Required action = In the records below, find the line with "Detail shot of"; retype that line and all the following lines through the end, exactly, and add nothing.

(Stored data begins)

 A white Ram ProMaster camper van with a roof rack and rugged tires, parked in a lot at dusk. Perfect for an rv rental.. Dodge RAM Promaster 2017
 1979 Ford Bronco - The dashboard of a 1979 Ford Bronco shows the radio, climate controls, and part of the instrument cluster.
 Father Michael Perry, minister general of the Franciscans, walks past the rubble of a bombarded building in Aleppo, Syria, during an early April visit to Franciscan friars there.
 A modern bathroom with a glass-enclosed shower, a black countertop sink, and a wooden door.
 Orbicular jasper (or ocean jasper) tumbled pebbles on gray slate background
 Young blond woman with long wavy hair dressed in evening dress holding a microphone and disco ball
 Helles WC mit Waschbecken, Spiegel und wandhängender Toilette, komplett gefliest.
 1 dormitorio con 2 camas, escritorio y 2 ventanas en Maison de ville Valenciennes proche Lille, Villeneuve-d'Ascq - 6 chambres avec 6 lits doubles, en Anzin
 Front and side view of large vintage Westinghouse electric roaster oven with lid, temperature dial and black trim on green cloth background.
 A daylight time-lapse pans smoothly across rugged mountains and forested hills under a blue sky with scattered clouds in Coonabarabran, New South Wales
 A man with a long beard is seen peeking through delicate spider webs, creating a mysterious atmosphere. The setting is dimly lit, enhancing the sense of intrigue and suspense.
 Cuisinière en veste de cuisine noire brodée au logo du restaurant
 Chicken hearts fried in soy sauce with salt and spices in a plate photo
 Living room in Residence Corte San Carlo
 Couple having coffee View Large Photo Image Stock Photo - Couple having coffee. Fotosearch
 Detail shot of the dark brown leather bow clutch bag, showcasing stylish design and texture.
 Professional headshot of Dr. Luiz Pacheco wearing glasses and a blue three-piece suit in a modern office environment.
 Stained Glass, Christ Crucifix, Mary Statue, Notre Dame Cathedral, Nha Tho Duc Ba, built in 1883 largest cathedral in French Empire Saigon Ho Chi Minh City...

(Stored data ends)

Result of the task =
 Detail shot of the dark brown leather bow clutch bag, showcasing stylish design and texture.
 Professional headshot of Dr. Luiz Pacheco wearing glasses and a blue three-piece suit in a modern office environment.
 Stained Glass, Christ Crucifix, Mary Statue, Notre Dame Cathedral, Nha Tho Duc Ba, built in 1883 largest cathedral in French Empire Saigon Ho Chi Minh City...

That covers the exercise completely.